This is the pinnacle of horror filmmaking in 1930s Mexico. Writer-director Juan Bustillo Oro, who’d written El fantasma del convento (1934) and directed the horror-adjacent drama Dos monjes (1934), gets right what others could not. El misterio del rostro pálido looks great, with some reasonable camera work, but mostly because of the set design, which merges expressionism with Art Deco. It’s beautiful and conveys a mood of strange otherworldliness. The music reminds me of Universal’s monster films, and the costuming also hits the right notes with the masked pale man having everything necessary to be an icon. The plot is nothing special but workable, and an eerie feeling hangs over it all. And Bustillo manages to tone down Villarías’s (best know for Drácula) tendencies to play to the back rows such that I hardly recognized him.

But damn, is it slow. So slow. We never get to know any of these folks, or care about them, be we do get to hear them talk. Forti is a mad doctor, but he’s even more of a chatty one. Everything is discussed, talked around, and then brought up yet again. I wanted to put the whole thing on 2x speed. The problem is integrated into every part of the picture, but I’ll lay it on editing. There was a very good horror movie here, but it died in post-production.

The ending is disappointing, both anticlimactic and unsatisfying, as two characters do complete personality shifts in under three minutes, but I could only get so annoyed as I was too bored to get emotional.

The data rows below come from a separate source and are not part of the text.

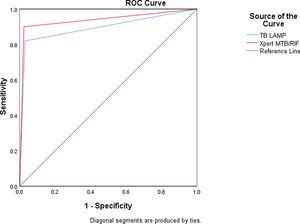 Receiver Operating Characteristic (ROC) curve for detection of M tuberculosis by TB LAMP and Xpert MTB/RIF assay.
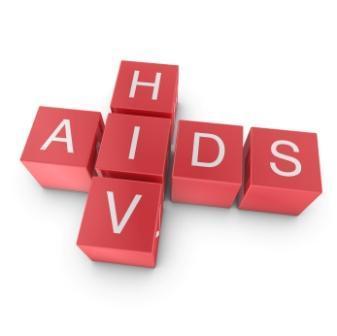 HIV Leads to AIDS HIV reproduces in and destroys T cells the body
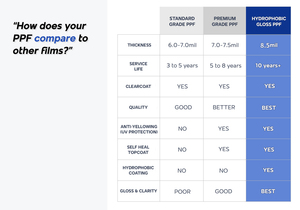 Kit <span class=keywords><strong>de</strong></span> PPF transparente <span class=keywords><strong>de</strong></span> <span class=keywords><strong>película</strong></span> <span class=keywords><strong>de</strong></span> protección <span class=keywords><strong>de</strong></span> pintura precortada para Hyundai Genesis Coupe 2013-2016 - Product Image 6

El misterio del rostro pálido was released with no premier, little publicity, and to little notice. Bustillo’s later successes in more mainstream fare are all that kept this film in anyone’s mind. It should, and so easily could, have been much better, but just as people did in 1935, it’s fine to ignore it. If you are curious, come for the Art Deco-expressionism, and leave when you’ve gotten your fill of architecture.